Sources close to the Jussie Smollett investigation have spoken with several media outlets and allege new evidence shows the Empire actor may have orchestrated the attack, and even paid men $3,500 to go through with it.

The two men who are brothers were arrested Wednesday and released Friday (Feb. 15) without charges. Both men are cooperating fully with Chicago police, and authorities found records they purchased a rope at a local hardware store, which was used during the attack.

Smollett's attorneys, Todd S. Pugh, and Victor P. Henderson, quickly denied the claim made by authorities.

"As a victim of a hate crime who has cooperated with the police investigation, Jussie Smollett is angered and devastated by recent reports that the perpetrators are individuals he is familiar with," the statement read. "He has now been further victimized by claims attributed to these alleged perpetrators that Jussie played a role in his own attack. Nothing is further from the truth and anyone claiming otherwise is lying."

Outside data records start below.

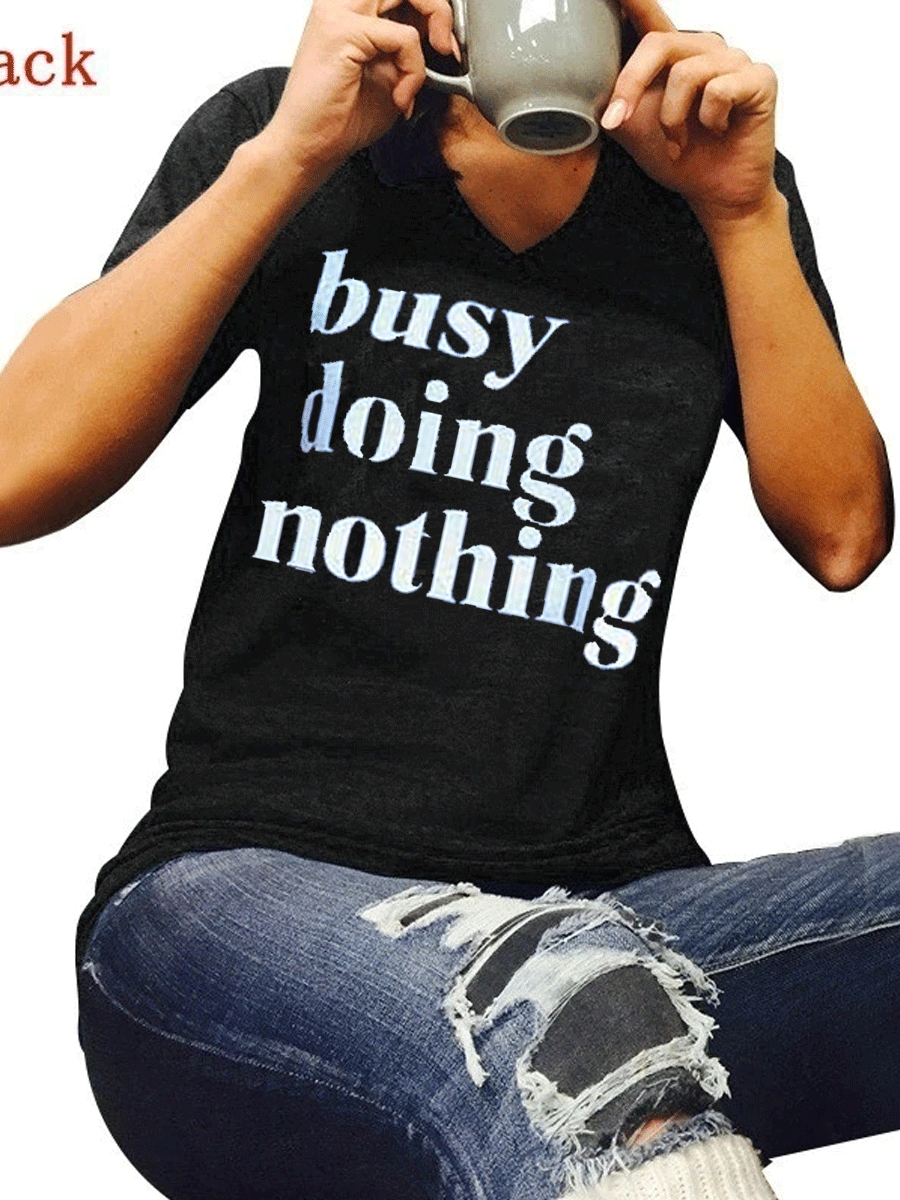 BUSY DOING NOTHING Graphic T-shirt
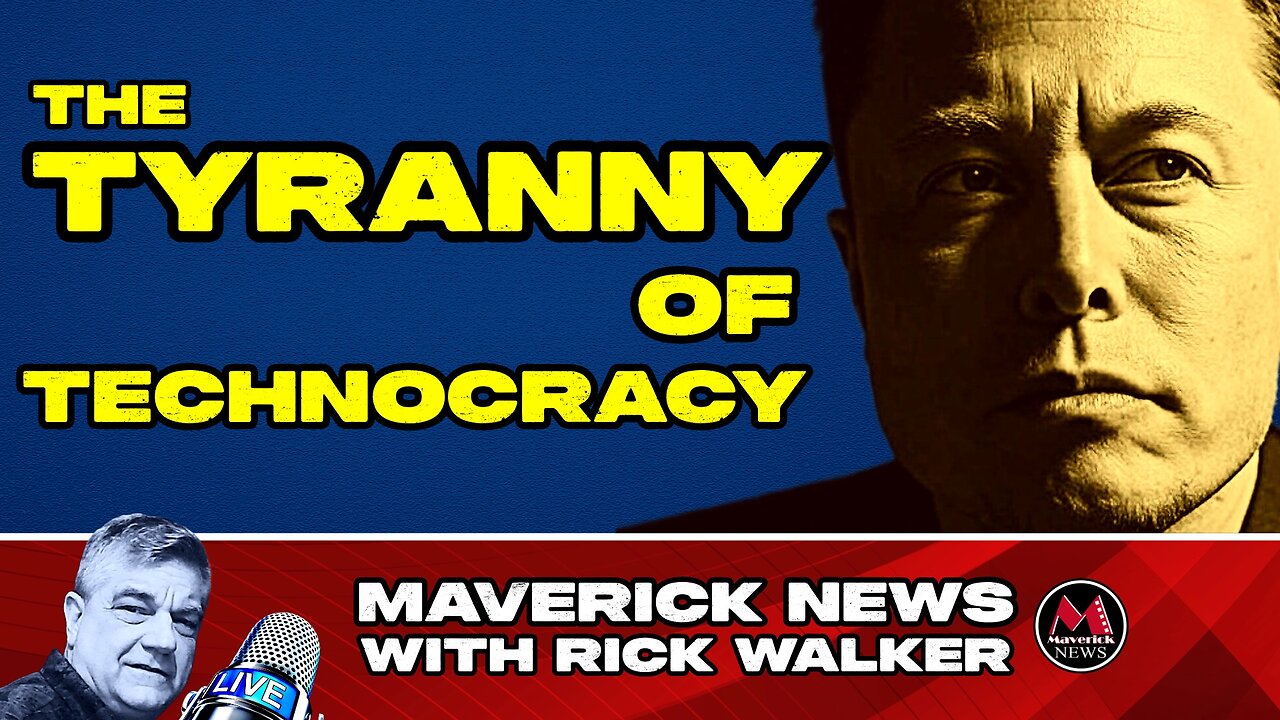 The Tyranny of Technocracy (The Arrest Of Elon Musk's Grandfather) - Maverick LIVE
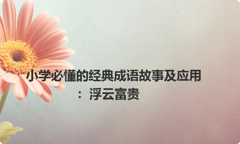小学必懂的经典成语故事及应用：浮云富贵
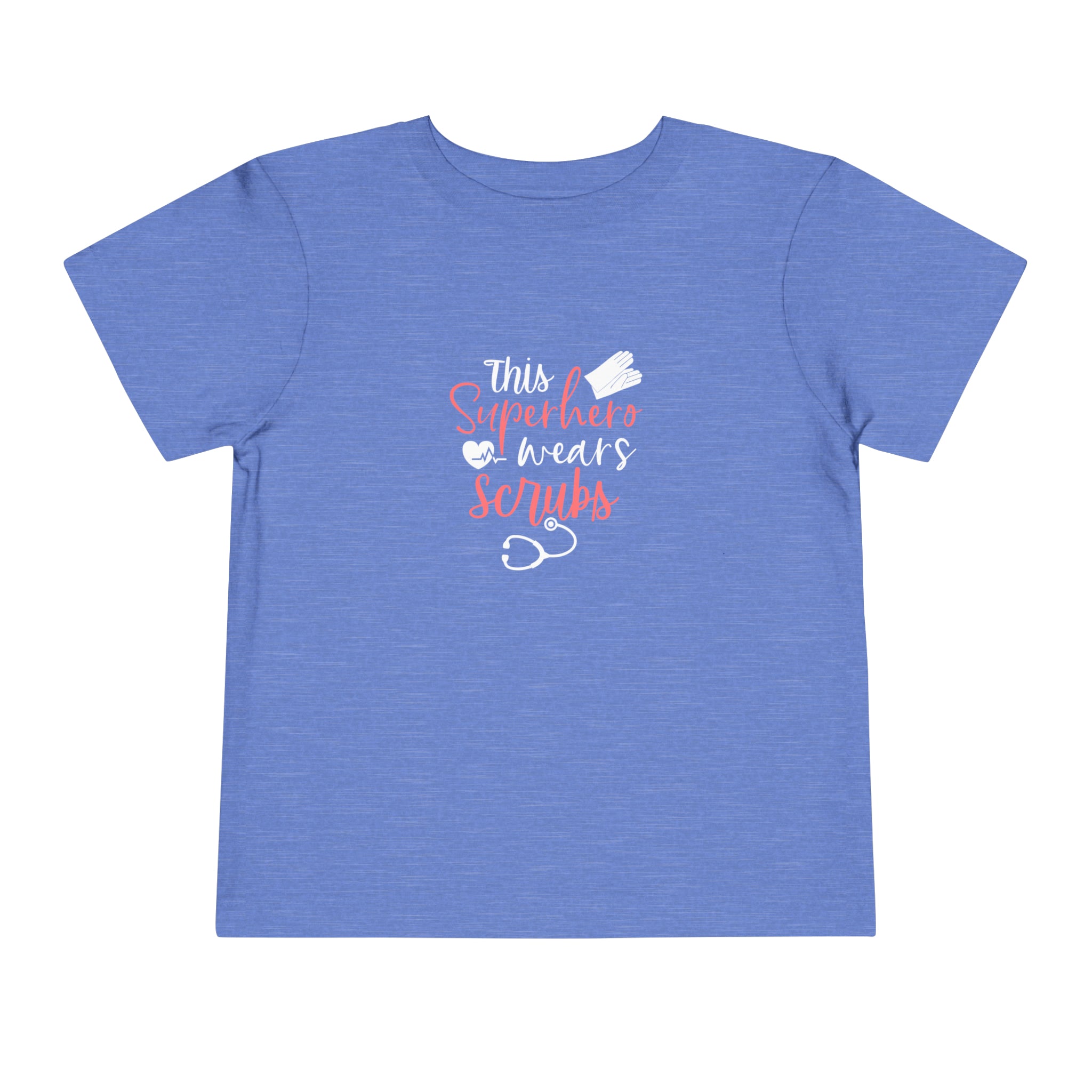 This Superhero Wears Scrubs Toddler Tee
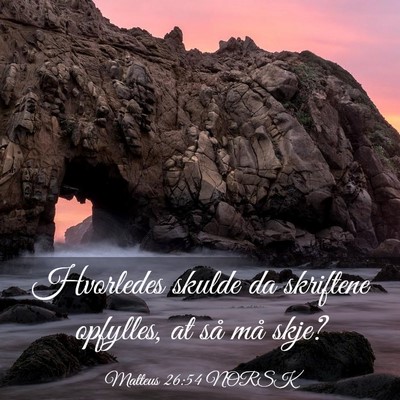 Picture 03 - Matteus 26:54 NORSK - Hvorledes skulde da skriftene opfylles, at så - Bible Verse Picture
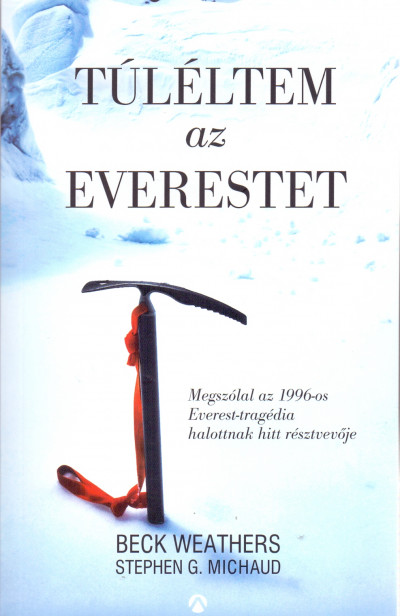 Stephen G. Michaud - Beck Weathers - Túléltem az Everestet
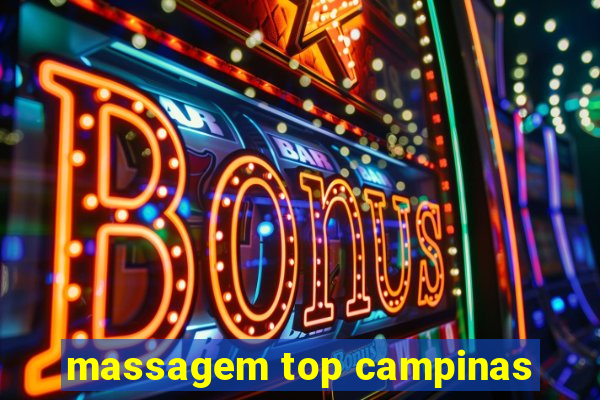 massagem top campinas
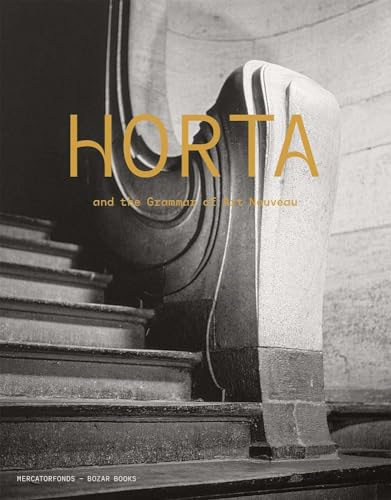 Horta and the Grammar of Art Nouveau von Yale University Press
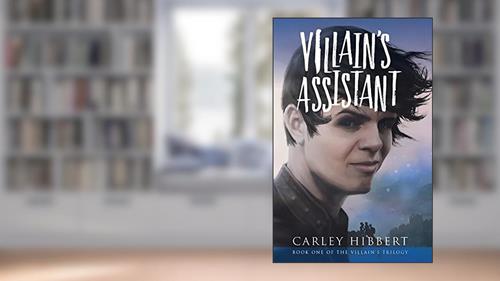 Cover from Villain's Assistant (Villain's Trilogy Book 1), written by Carley Hibbert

On Jan. 29, Smollett was leaving a Subway fast-food restaurant when the actor alleges to have been attacked by two men who beat him, poured bleach on him and tried to hang a rope around his neck. The 35-year-old entertainer, who identifies as gay, said one of the men shouted "This is MAGA country" as well as other racial and homophobic slurs.

Chicago Police spokesman Anthony Guglielmi said one of the men appeared on Empire and have past affiliation with Smollett.

During his interview with Robin Roberts on Good Morning America Thursday (Feb. 14), Smollett expressed frustration about not being believed. Sunday morning (Feb. 17) the hashtag 'JussieSmollettHoax' trended on Twitter. The Internet was split with many offering a digital "I told you so" due to the reports, while others, particularly members of the black LGBTQ community, questioning why many were quick to believe the word of law enforcement.

Us straight men waiting on the LGBT community to apologize after Jussie lied pic.twitter.com/0PDmNX4ykZ

— Flickens McCray (@Mickens__) February 17, 2019

https://twitter.com/angryblkhoemo/status/1096967004517515266

No idea what actually happened w/ Jussie Smollett. But do know that 4 years ago, Chicago PD spent 13 months justifying Laquan McDonald’s murder before releasing dashcam video showing he was walking away before being shot at 16x by an officer. Why are we just accepting their word?